Reproduce the records below in full and word for word, excluding pictures.

═══ Data records ═══

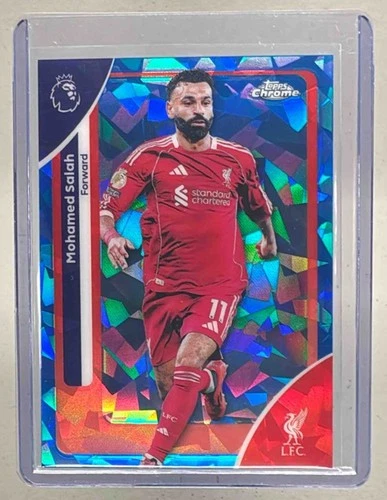 Mohamed Salah 2026 Topps Cromo Zafiro Sapphire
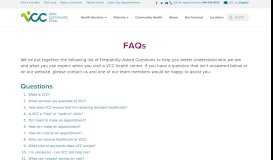 
							         FAQs | Vista Community Clinic								  
							    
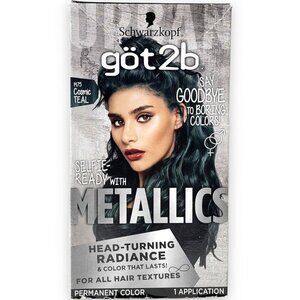 Got2b Metallic Permanent Hair Color, M75 Cosmic Teal‎ 1 Application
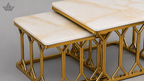 Italian Style Nested Center Table | Ardas Interior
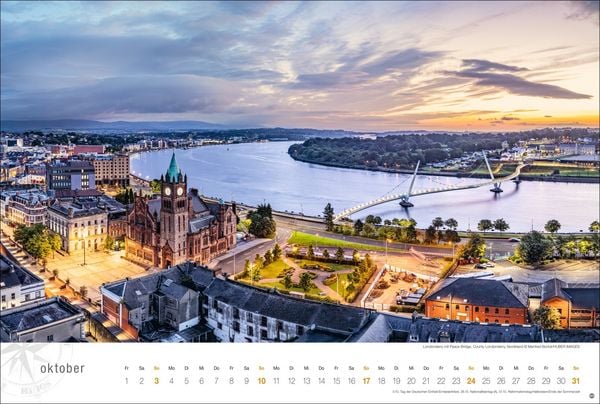 Produktbild: Irland Globetrotter Kalender 2027 - Von rauen K&uuml;sten und gr&uuml;nen H&uuml;geln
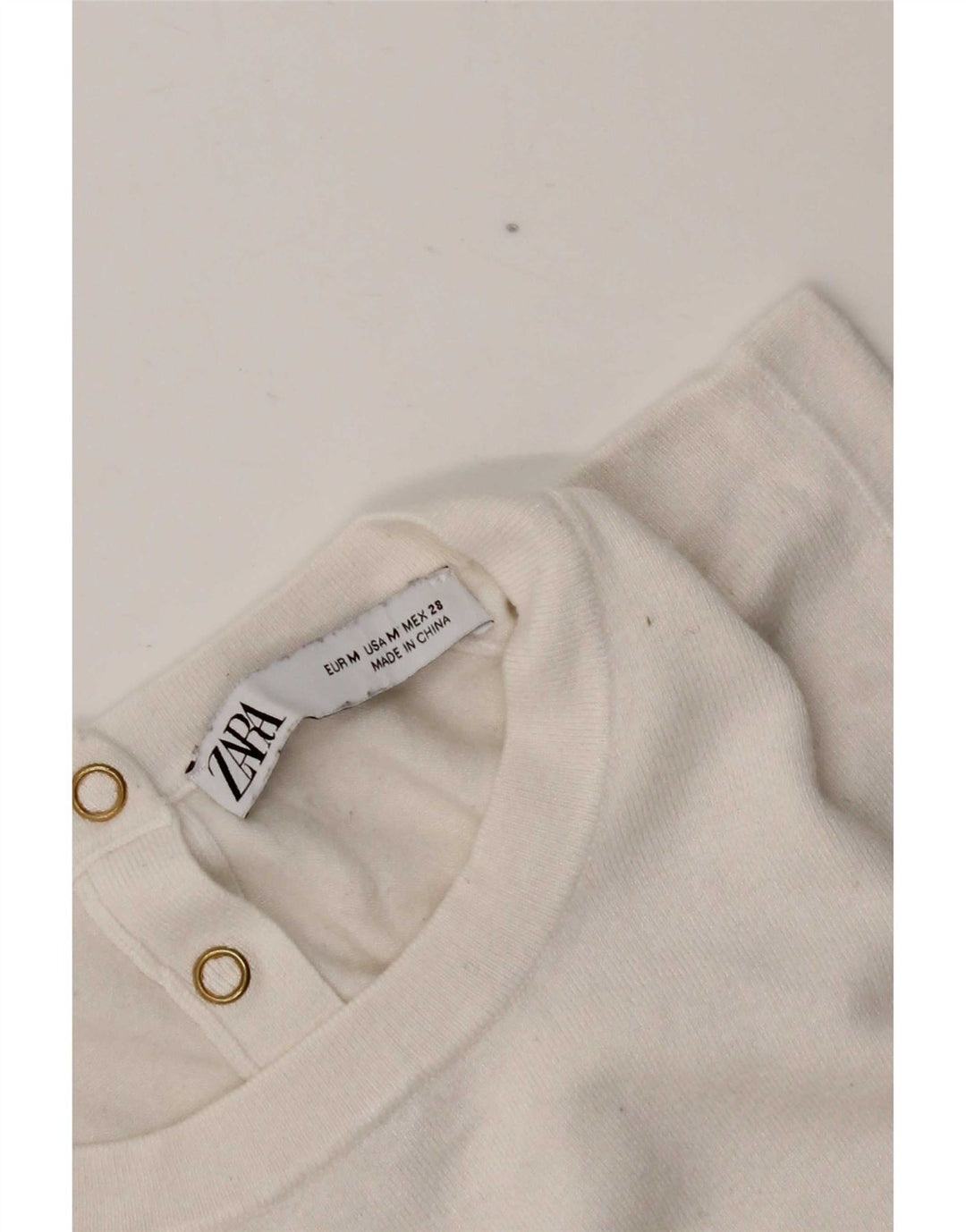 Zara Femme Débardeur UK 12 Medium Blanc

═══

* Response to this exercise:
 Mohamed Salah 2026 Topps Cromo Zafiro Sapphire
							         FAQs | Vista Community Clinic								  
							    
 Got2b Metallic Permanent Hair Color, M75 Cosmic Teal‎ 1 Application
 Italian Style Nested Center Table | Ardas Interior
 Produktbild: Irland Globetrotter Kalender 2027 - Von rauen K&uuml;sten und gr&uuml;nen H&uuml;geln
 Zara Femme Débardeur UK 12 Medium Blanc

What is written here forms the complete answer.